A monseñor Julio César Vidal le llegan comunicaciones de Los Rastrojos, de los Urabeños, de los Paisas y de  Las Águilas negras, grupos integrados por cerca de 5 mil delincuentes que, en Córdoba y Antioquia forman un tenebroso ejército de extorsionadores, traficantes de coca y de armas, atracadores y asesinos. Unos  oscuros interlocutores que hacen contraste con el talante bondadoso y de pastor generoso del obispo de Montería.

Hace un año este obispo había anunciado que si no se iniciaba un diálogo urgente con estas bandas no habría manera de frenar el desangre. Hoy el trasfondo de sus comunicaciones con estos grupos es tormentoso: el asesinato de cuatro estudiantes, dos en san Bernardo del Viento y dos en Cereté y el escandaloso crecimiento de las cifras de asesinatos en su departamento. Él sabe que tiene el deber de hacerlo, pero expuesto a ser engañado por los delincuentes, por los políticos o por el gobierno, pero no puede callar para no equivocarse.

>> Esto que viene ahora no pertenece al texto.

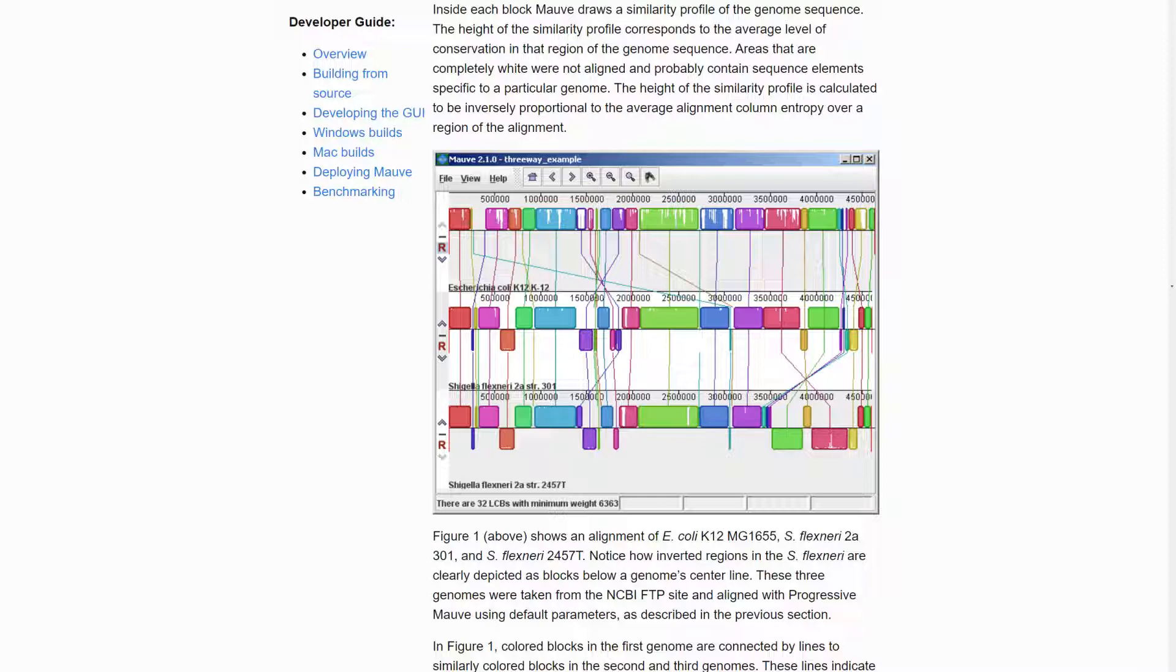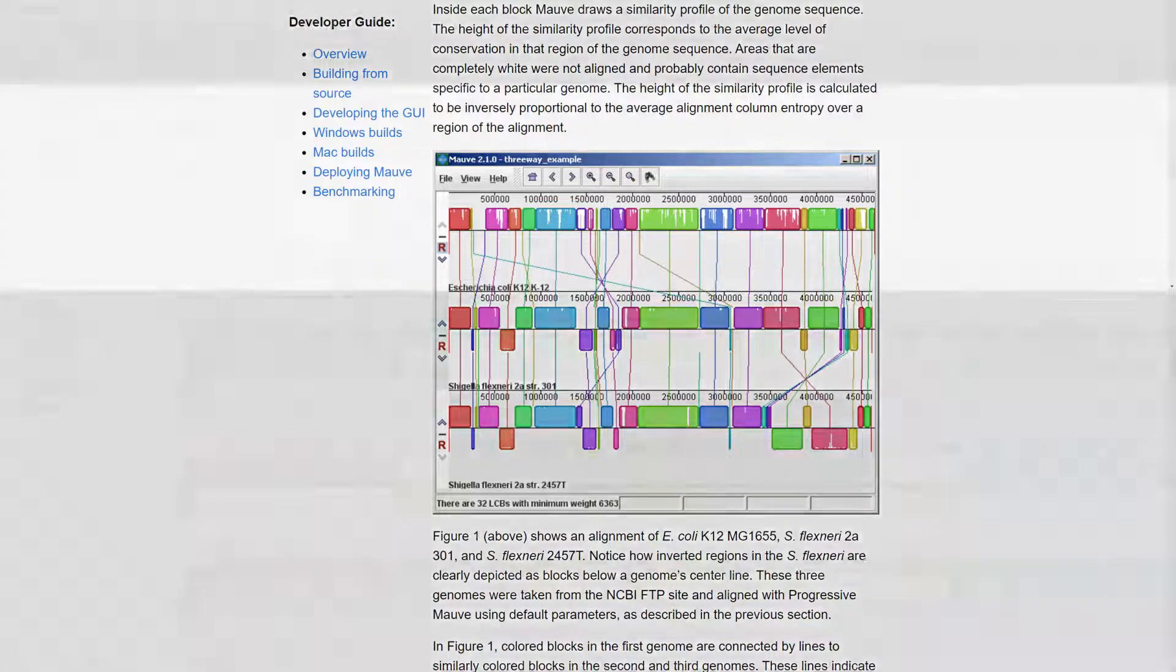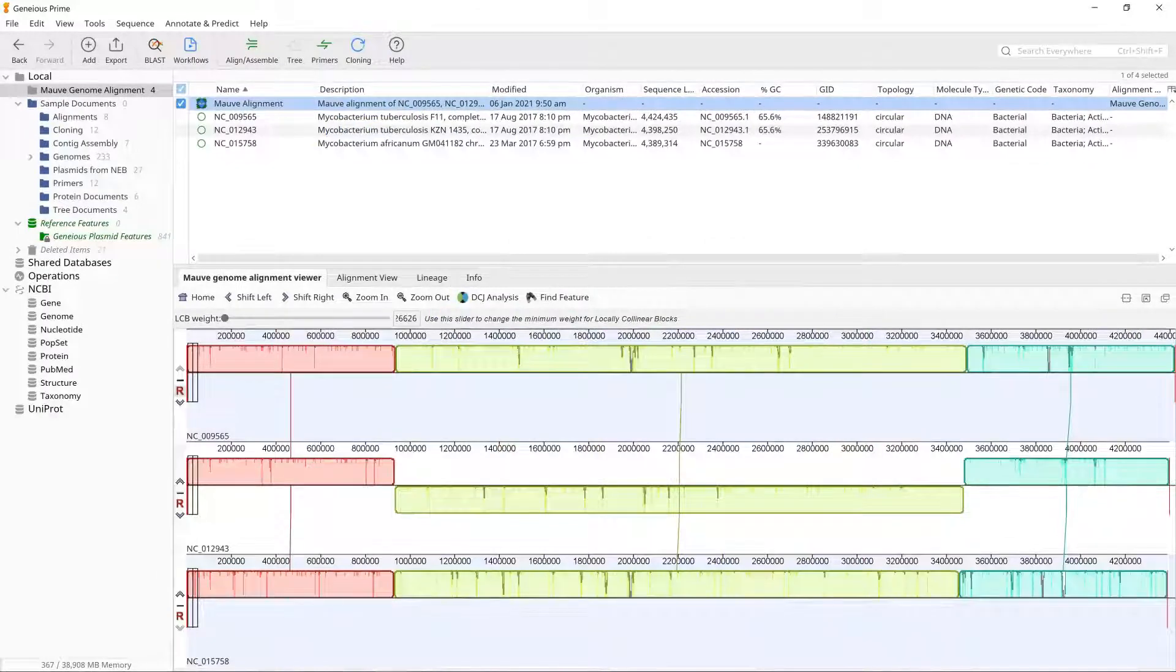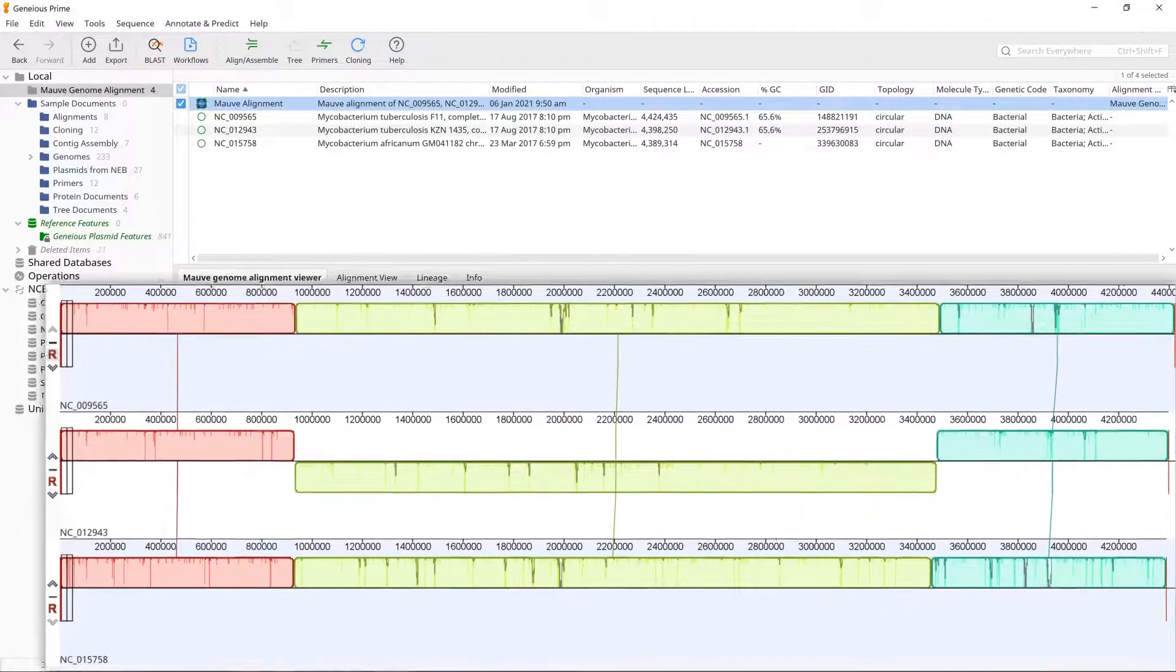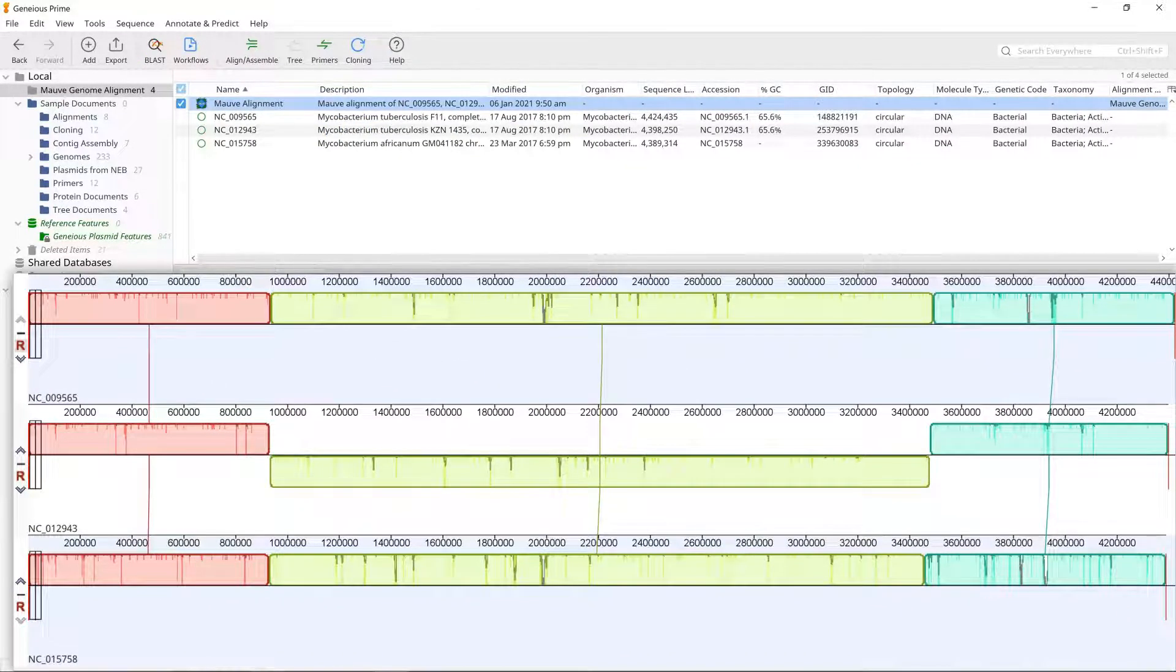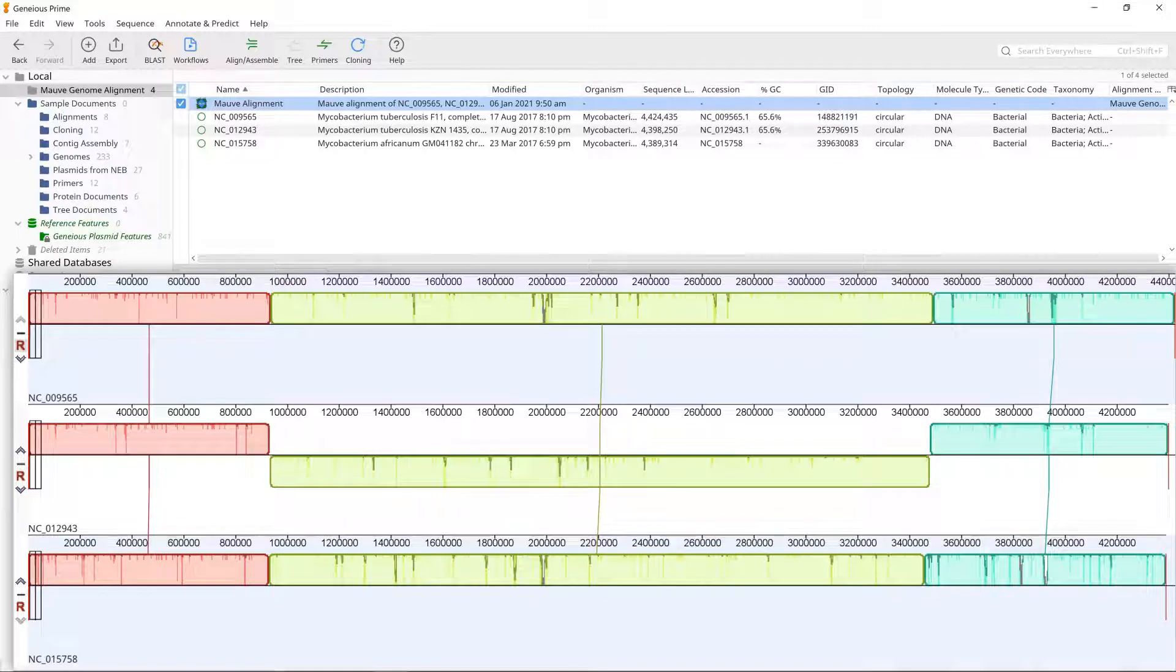The colored blocks in each genome are connected by vertical lines. In this example, you can see there are three LCBs denoted by the different colors.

Monseñor está, pues, entre la espada y la pared.

Pero no se extraña ni lo lamenta. Ha sido la misma situación de la Iglesia colombiana durante todo el largo proceso de búsqueda de la paz.

En 1981, durante el gobierno del presidente Julio César Turbay, la conferencia episcopal alentó las tareas de la Comisión de Paz, presidida por el arzobispo de  Pamplona, monseñor Mario Revollo y por monseñor Rafael Gómez Hoyos, a quienes les habían encargado “explorar los mejores caminos para fortalecer la paz pública y el orden social”. La aséptica fórmula significaba sumergirse en las oscuridades de un conflicto político y social que  comenzaba a contaminarse de prácticas delincuenciales.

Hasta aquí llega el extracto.